Oil companies shut down nearly all production in the energy-rich Gulf of Mexico, a region that normally pumps a quarter of U.S. oil output and 15 percent of its natural gas.

But Gustav failed to draw as much power as once feared as it rolled across warm Gulf of Mexico waters. Forecasters said it was unlikely to grow stronger now and would begin to weaken as it moves inland.

U.S. crude oil futures slipped to below $115 a barrel on Monday morning as fears of major damage to oil facilities in the Gulf of Mexico eased. Prices had hit more than $118 per barrel in a special trading session on Sunday.

Hurricane Gustav also took center stage in U.S. politics as Republicans prepared to open their convention on Monday to nominate presidential candidate John McCain with a bare-bones program stripped of the usual pomp and circumstance.

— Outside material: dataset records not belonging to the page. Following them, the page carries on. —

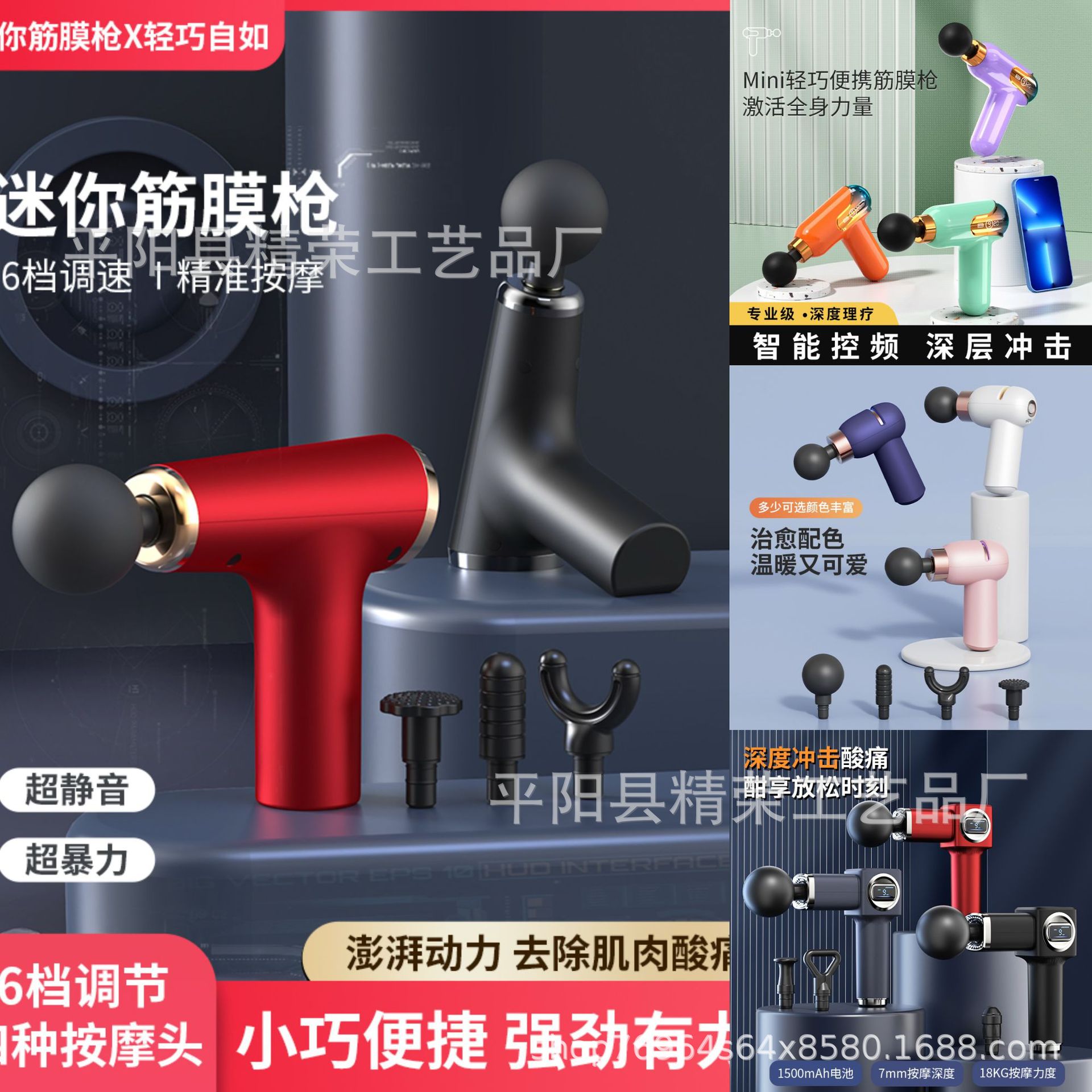 Cross-border Amazon fascia gun new ladies mini vibration massager fitness muscle relaxer massage gun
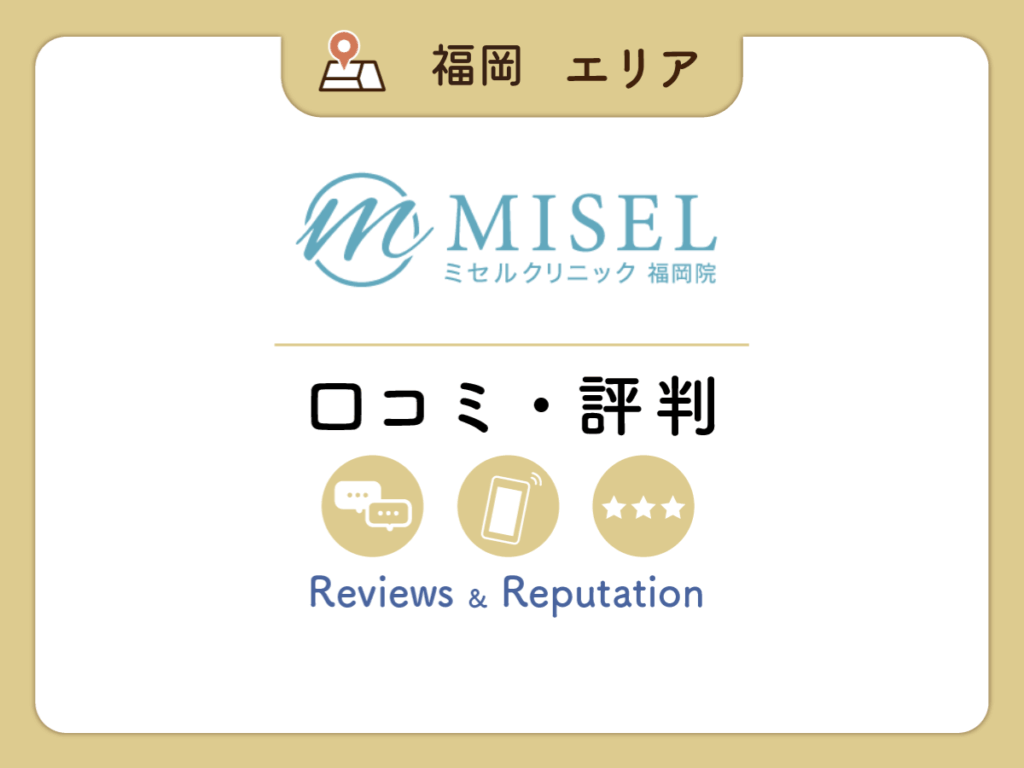 ミセルクリニック福岡院の口コミ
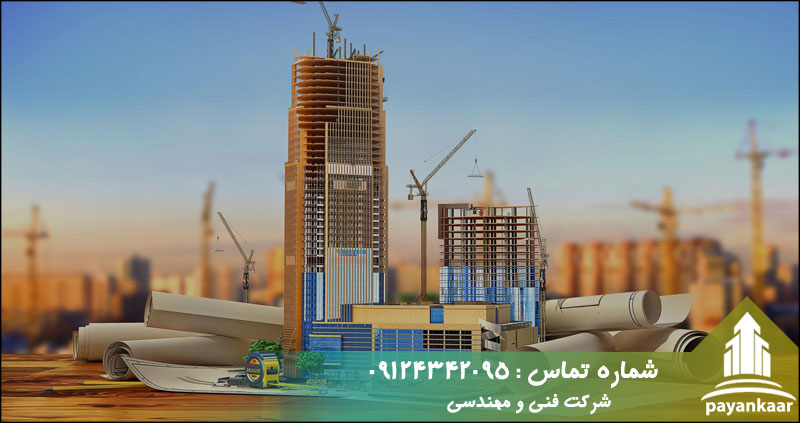 مراحل صدور گواهی پایان کار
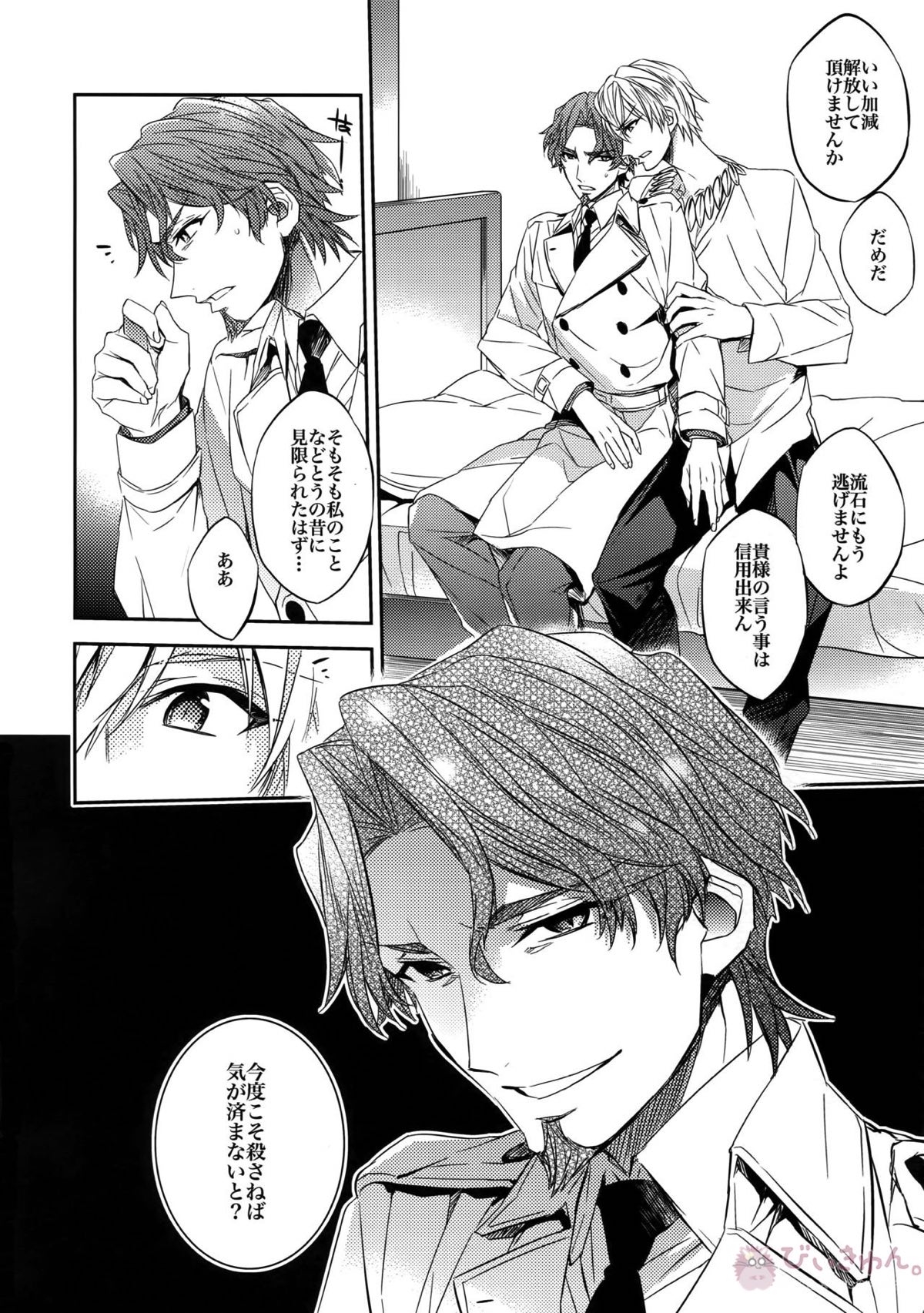 ある代行者の手記【Fateシリーズ/ギル時】 page 20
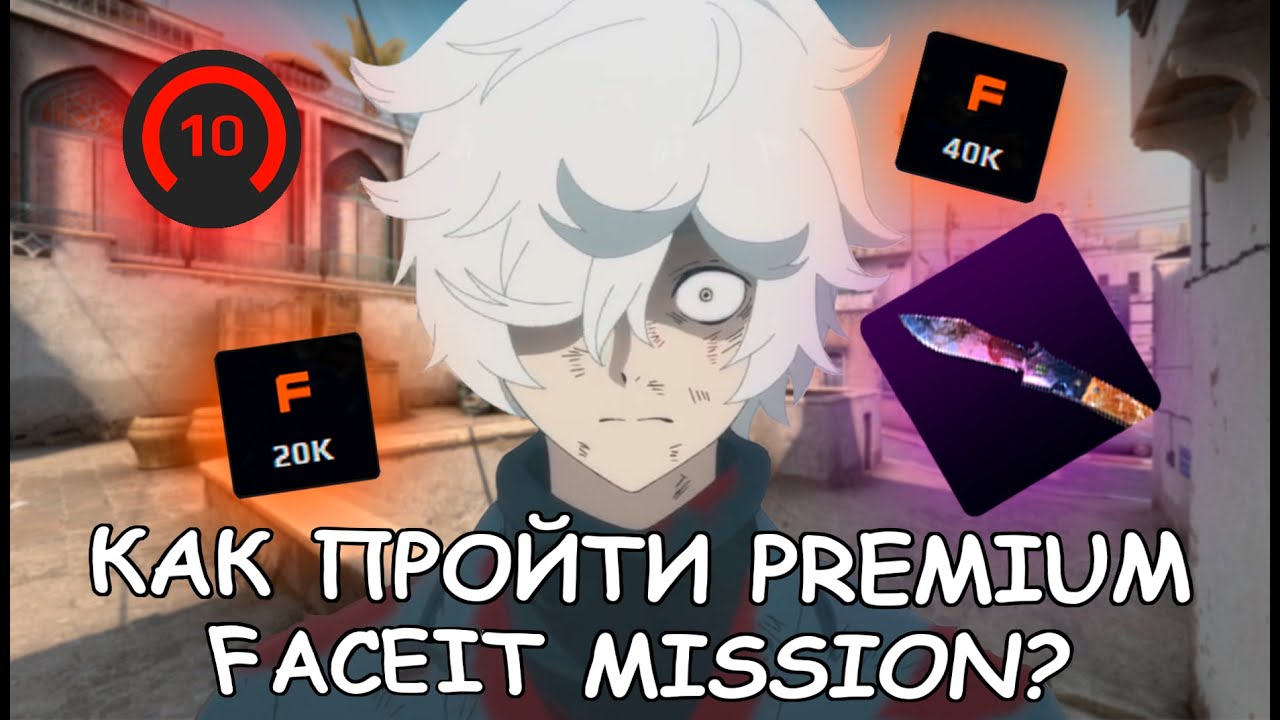 Как пройти Premium Faceit Mission? CS2 FACEIT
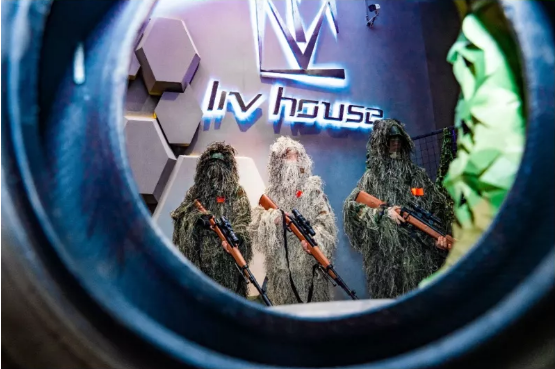 自贡LIV浩斯酒吧/Liv House Club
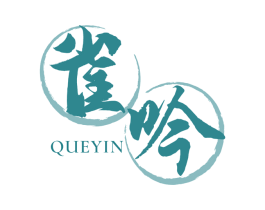 雀吟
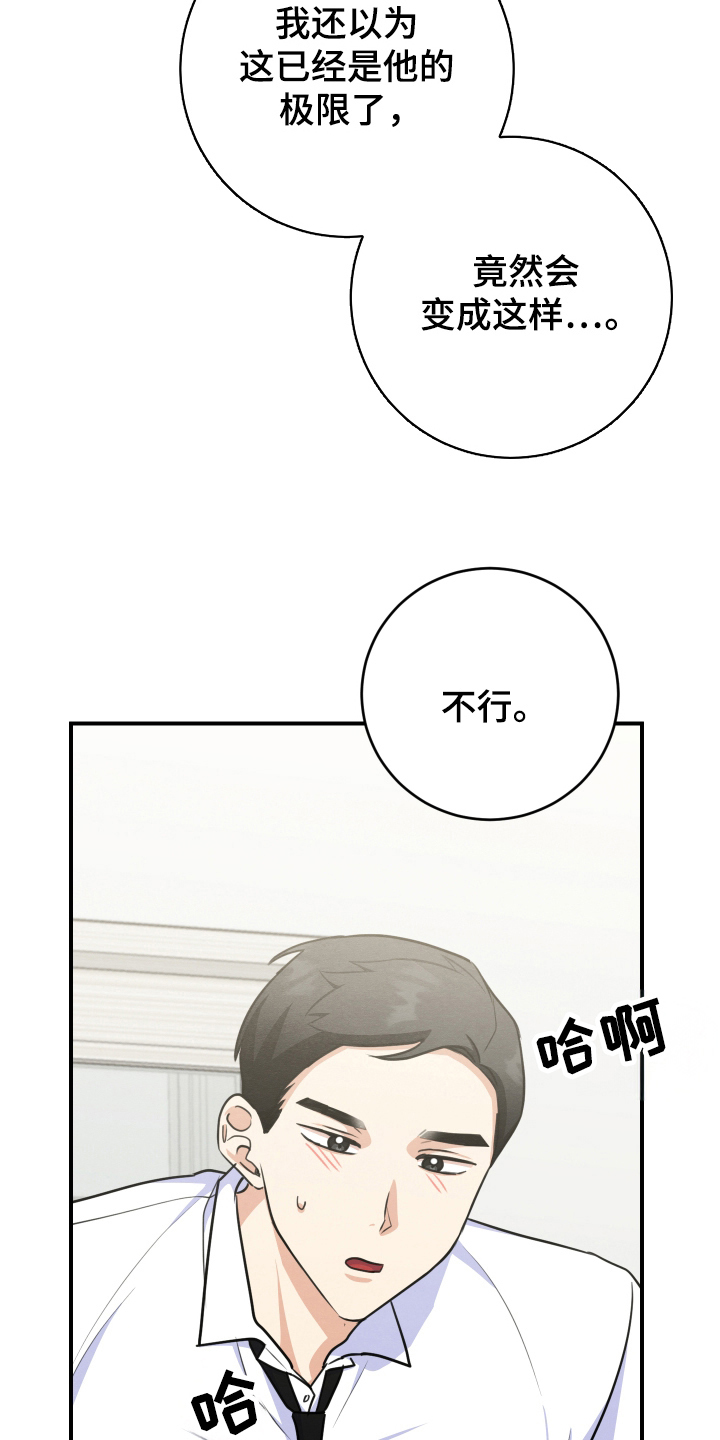 匿名告白漫画,第27章：在交往5图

The eye of the storm was on track to hit west of New Orleans, sparing the city a direct hit from the worst of its gusting winds.

But the U.S. National Hurricane Center said Gustav was still likely toss up "an extremely dangerous storm surge" of up to 14 feet that could test the holding power of rebuilt levees that failed during Hurricane Katrina.

By Sunday night, the streets of New Orleans were ghostly quiet after some 95 percent of the city's population responded to desperate calls by officials for a sweeping evacuation.

Hurricane Katrina brought a 28-foot storm surge that burst levees on August 29, 2005 and flooded some 80 percent of New Orleans, which sits partly below sea level. The city degenerated into chaos as stranded storm victims waited days for government rescue and law and order collapsed.

An estimated 1.9 million people fled coastal areas as Hurricane Gustav drew closer, state officials said.

Only 10,000 people were believed to have stayed behind in New Orleans. Police and several thousand national guard troops patrolled the empty city, sometimes in convoys of Humvees, as a curfew went into effect in a bid to prevent looting.

On Monday morning, Gustav was packing maximum sustained winds of 115 mph, making it a Category 3 storm on the five-step Saffir-Simpson scale.

It was expected to swamp parts of Louisiana, Mississippi, Arkansas and Texas with up to 12 inches of rain and 20 inches in some small areas. Isolated tornadoes were also possible.